Numbers In App Inventor Are Stored As Floating-Point

I am exploring App Inventor, an Android application development environment for novice programmers. I am teaching it to my kids, as an introductory step towards “real” app development. While playing with it I wondered: are its numbers implemented in decimal? No, they aren’t. They are implemented in double-precision binary floating-point. I put together a few simple block programs to demonstrate this, and to expose the usual floating-point “gotchas”.

(Also check out this recent discovery about integers: entered in blocks they are represented in floating-point; generated through calculations they are represented as arbitrary-precision integers.)

App Template

Each testcase I wrote is embedded in a simple app “template”, consisting of a button and a label (I used the default names, Button1 and Label1). The button is used to run the testcase, and the label is used to display its output. I ran each test on both the emulator and a real device (a Samsung Galaxy Tab 3), although I only show screenshots of the emulator in the examples below.

The main tool I used is a math block called “format as decimal”:

The ‘places’ parameter specifies how many digits to print after the decimal point. I discovered it can print a number to any number of decimal places; this was a surprise, given that many industrial strength programming language implementations can’t do that! This allowed me to show the floating-point implementation in all its glory.

Printing Enough Digits To Expose Floating-Point Implementation

The following program (the same one shown in the introduction) prints the number 0.1 to 17 digits:

Here is its output:

You can see the “extra 1 on the end”, the tell-tale sign of a binary floating-point representation; let’s verify by printing all its digits:

Those blocks in fact display the exact representation of 0.1 in double-precision floating-point:

Numbers Are Converted Before They’re Displayed

There’s a simpler way to show that App Inventor uses floating-point, or at least get a clue that that’s what it’s using. If you enter a number of 16 to 17 digits or more, it will be changed as soon as you hit enter. It is converted instantly, like in a spreadsheet cell.

In this example, I entered 0.12345678901234567, even though App Inventor displays it as 0.12345678901234566 in the number block:

I wrapped the number in a “format as decimal” so that I could show all its floating-point digits:

That number, 0.1234567890123456634920984242853592149913311004638671875, is in fact the double-precision floating-point number closest to 0.12345678901234567. App Inventor displays it as 0.12345678901234566 because that is the full floating-point number rounded to 17 digits. So even though App Inventor changed the external representation from 0.12345678901234567 to 0.12345678901234566, it doesn’t matter; both convert to the same floating-point number internally.

Floating-Point Gotchas

The three examples that follow show mathematical results that surprise the uninitiated; I’ve written about them in other contexts.

Equality is Broken

Simple decimal addition fails to work in floating-point; for example, 0.3 + 0.6 ≠ 0.9. Here are blocks to demonstrate that:

(Notice the ‘\n’ formatting — a shout out to C!)

This exposes two issues:

• 0.3 and 0.6 converted to floating-point, and then added, does not give 0.9.
• 0.9 converted to floating-point does not even give 0.9!
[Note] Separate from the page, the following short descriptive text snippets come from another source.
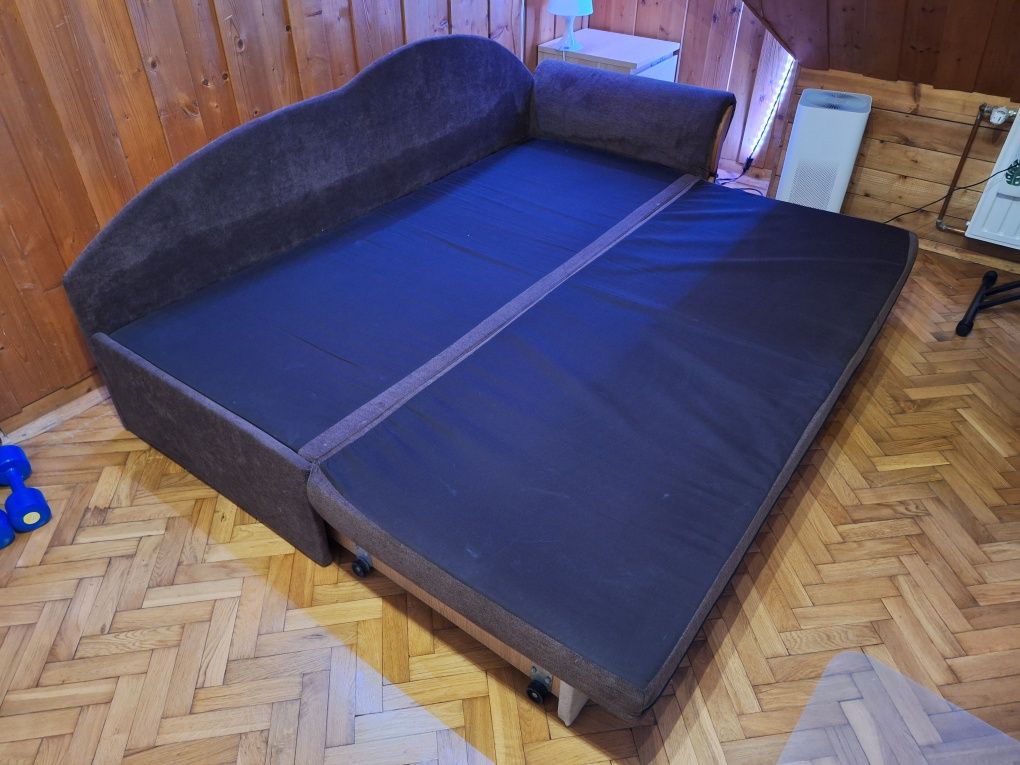Sofa rozkładana brązowo-beżowa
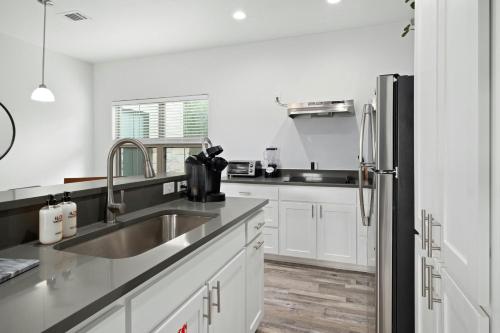 Dripping Springs Silver Creek Condos Thornton B- 2 Bedroom, 1st floor in Dripping Springs, USA
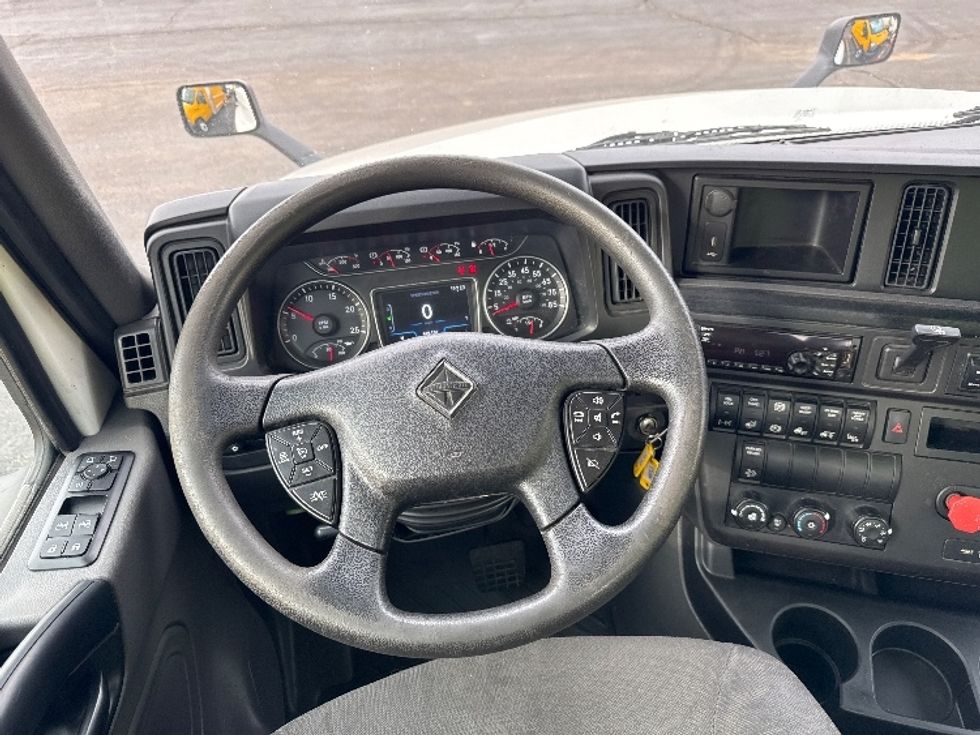Day Cab Tractor-Heavy Duty Tractors-International-2019-LT625-Memphis-TN-420,481\n\t\tmiles-$ 24,500 - Image 11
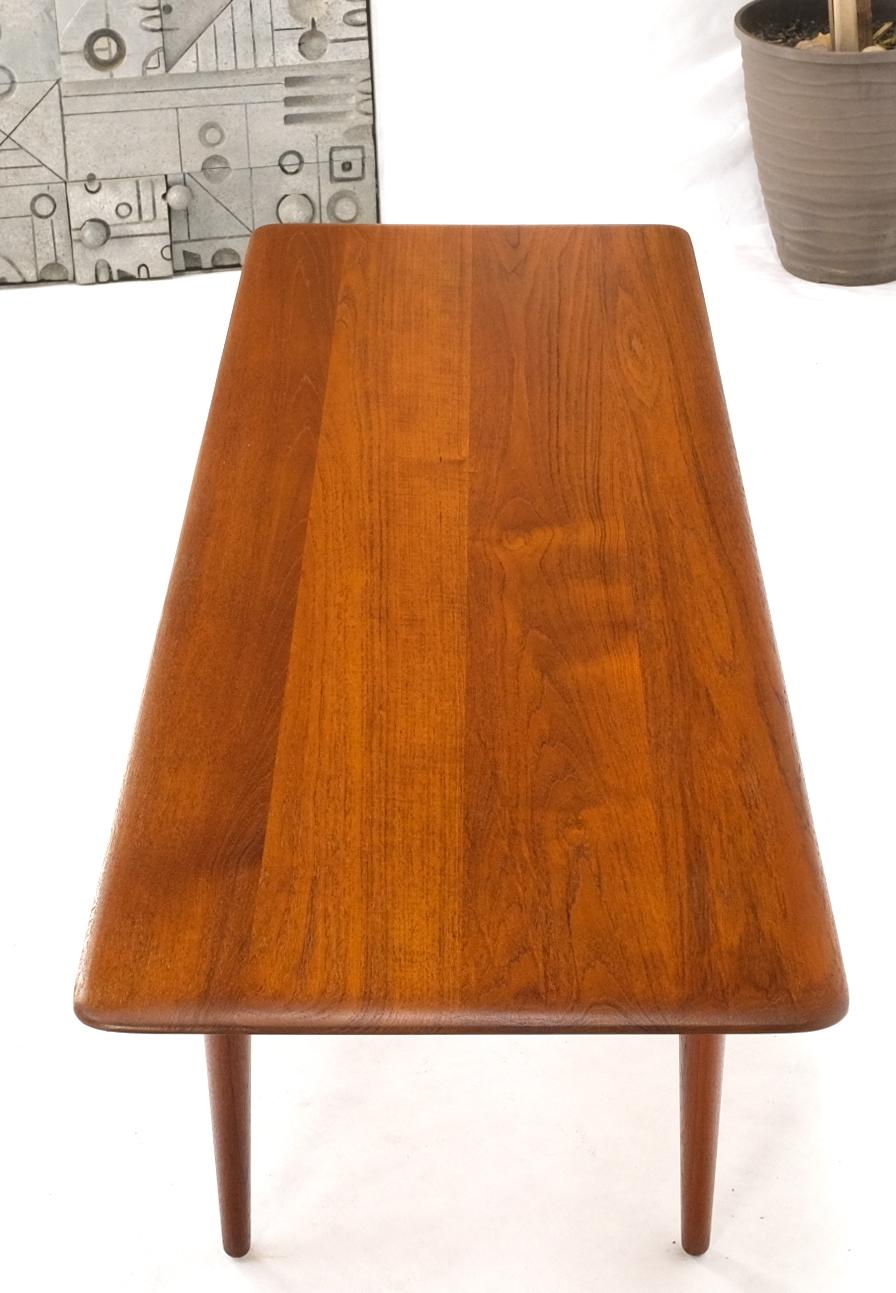 Table basse rectangulaire danoise moderne du milieu du sicle en teck massif avec pieds en forme de chevalet effils en vente 4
The Floor Function Is Broken

4.35 * 100 is 435, so floor(4.35 * 100) is 435, right? Not in floating-point. 4.35 * 100 is slightly less than 435, so the floor is 434.

Let’s look at all the digits to verify:

Algebra Is Broken

I wrote this C function to show that floating-point does not honor algebraic manipulations:

double f(double a)
{
 double b, c;

 b = 10*a - 10;
 c = a - 0.1*b;

 return (c);
}

Algebraically, it should always return 1: c = a – 0.1*(10*a – 10) = a – (a-1) = 1.

I rewrote that function in blocks, and I tested it on input 719525522284533115.3 (which App Inventor converted instantly to 719525522284533100, a clue that this is not going to go as expected):

The answer is not 1, but -128!

Should App Inventor Hide Binary?

App Inventor hides much of the complexity of Android app development, allowing non-programmers to easily write simple apps. Yet it doesn’t hide binary floating-point, something that trips up countless people, beginners and non-beginners alike. Should it? Arbitrary-precision decimal floating-point would fix the most glaring gotchas, while rational arithmetic would handle expressions involving fractions like 1/3. (Rational arithmetic might be overkill though, since anyone that has used a calculator would expect inexact results using decimal fractions.)

Maybe it’s best to hide binary until new programmers get more experience — and start programming real apps in Java.